Because no matter what religion you are, you have beautiful children. They cry or throw a fit and have to get taken out of worship service, synagogue service, the room with the Buddha shrine. They love to learn, to practice, to participate, to help. They love to receive love, to ride on Daddy's back during Friday evening prayers, and wear the prayer shawl that Daddy wore on his bar mitzvah. They love to show love, to pass out forks to all of the guests that don't know how to eat the food without them, to wave goodbye to every single person who walks out the door of the temple. They are beautiful.
Everyone is looking for solutions to the problems in the world and inside themselves. Whether you look for it in chanting or praying, in Baha'ullah or Christ, in five pillars or four noble truths.
Everyone has something right. God is Holy. God is One. God is Just. God is merciful. Incarnate God exists. All people are created equally. There is a possible end to all suffering.
When I was at the Hindu temple on Friday morning, I was retold a legend that I had also been told several times before. It seems like everyone has a version, Hindus, Jains, Sufis, Buddhists, everybody. It goes something like this... A king puts five blind men (who have never before seen or heard about an elephant) in a room with an elephant. He asks each man to explain to him what he perceives an elephant to be like. One feels the elephant's leg and responds, "An elephant is like a tree trunk". Another feels the elephant's side and responds, "An elephant is like a wall". Another feels the elephant's trunk and responds, "An elephant is like a tree branch". Another feels the tusk and responds, "An elephant is like a pipe". The final blind man feels the tail and responds, "An elephant is like a rope."
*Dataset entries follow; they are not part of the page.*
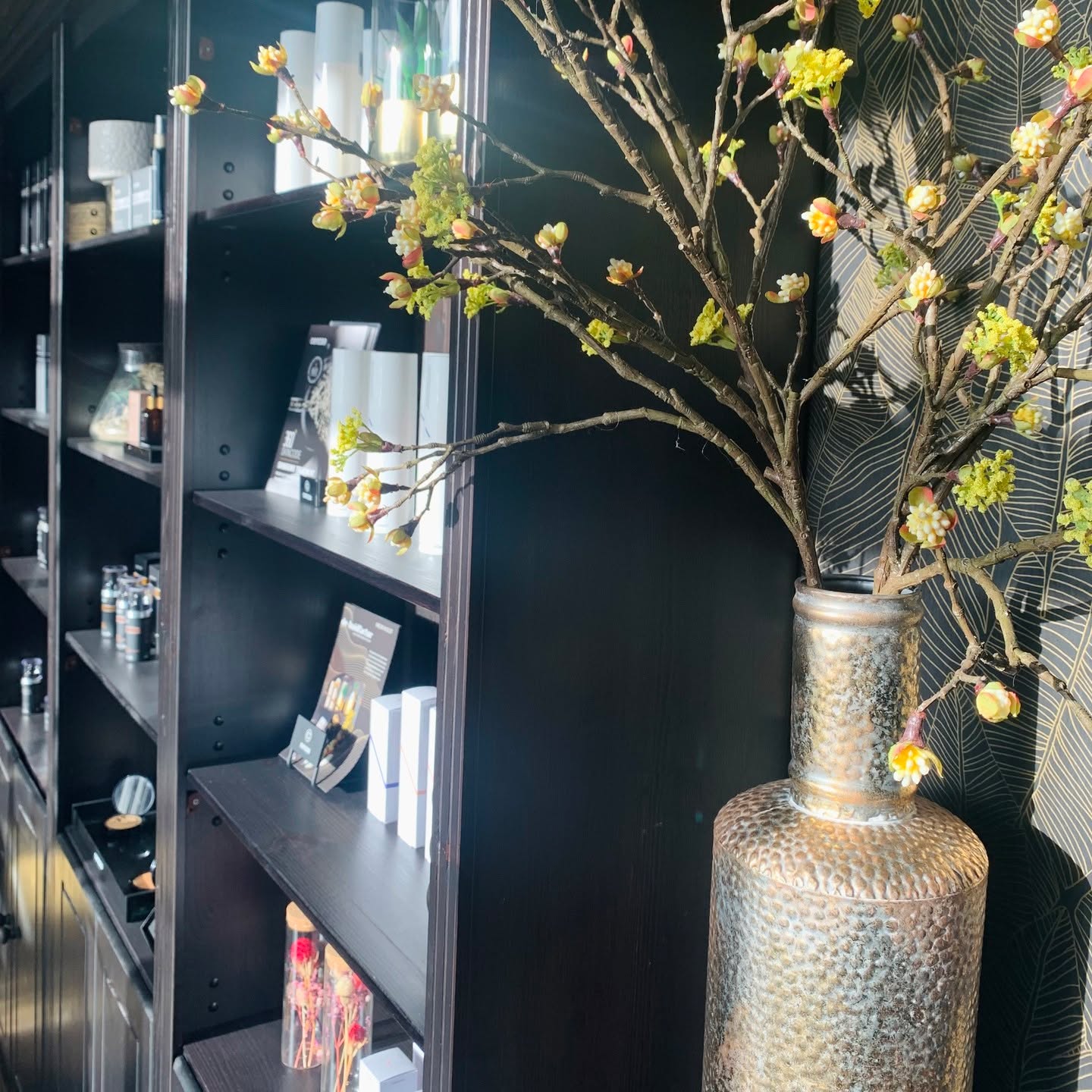 5 dingen die je nog niet wist over De Huidfactor❤
❤ Een kleinschalige, sfeervolle praktijk waarin jíj centraal staat
❤ Wij geloven in de combinatie van wetenschap en natuur
❤Je kunt gratis parkeren op het bijbehorende parkeerterrein voor de deur
❤ Huidbehandelingen die vergoed worden vanuit de zorgverzekering
❤ Óok voor heerlijke verwen - facials zijn wij er voor jou!
Oh ja en niet te vergeten nummer 6 ... Alles met chocola is altijd welkom 😉😉🙈
Liefs❤
Jessica
#schoonheidssalonelst #elstoverbetuwe #elstgelderland #huidtherapie #gemeenteoverbetuwe #overbetuwenieuws #acnebehandelingelst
I think the story is supposed to point out that everyone is a little bit right (although it seems to me they were all mostly wrong), and they at least did the best that they could, considering their circumstances. They all had something right.
Everywhere that I went on Friday, I heard four speakers, or four different religions, say that they felt that their religion and their faith made them a better person. That is one of the reasons that these individuals claimed to have stuck with their faith. I started to wonder if my faith makes me a better person. I wasn't so sure it did, but I think it's supposed to. Then I realized that all the things I was hearing about, the praying the meditating, the worshipping with the community, those are all things that my faith involves as well. I suddenly felt my faith being stretched. I wasn't doubting, I just felt like I had been stretched, perhaps just a tad too far. Maybe instead I should be asking myself what a "good person", a "better person" actually is. I mean what does that even mean? Is there something that is missing from my faith, or something that I am just not doing? Or an I a good person, and I just don't feel like I am?... I felt very confused by Friday evening- not about my faith or other faiths, and not even about my salvation. I was just wondering if these people who see themselves as better people because of their religious practice would see me as better because of my religious practice.
This weekend, our teacher talked a little bit about how if you are willing to genuinely listen to someone, they will be willing to listen to you. This is always something you hear, but after this weekend, it actually seemed like a possibility. These people were willing and able to confidently share their faith with others. I want to be able to do that, but with the Truth! How much of a flop would I be if I tried to share why I do what I do with them?! I don't know, maybe I wouldn't flop, but that's just it; I don't know what would happen, because I don't know that I have explained my faith to someone who didn't share it or at least sympathize. I'm out of practice.
When we were studying Jainism, our teacher mentioned the elephant parable. I remember him telling us that, luckily, the real king doesn't set his blind subjects loose on an elephant and demand to hear their descriptions... He tells us ahead of time what he already knows, what the elephant really looks like. Then He guides us through the elephant room. So even though we can't see the big picture and can only feel out one part at a time, the elephant is not something we have to be scared of or confused about.
To sum things up, this weekend gave me a new sense or urgency to practice sharing my faith and find out how to do it in a loving and respectful, but also confident and effective way. I also have a stronger desire to keep seeking God- to test the spirits and examine the teachings. To make sure that my faith remains something that I actually have faith in.
The largest statue of the Buddha in North America happens to be located in Keller, Texas, of all places!
At the Hindu Temple, we witnessed a couple performing a puja.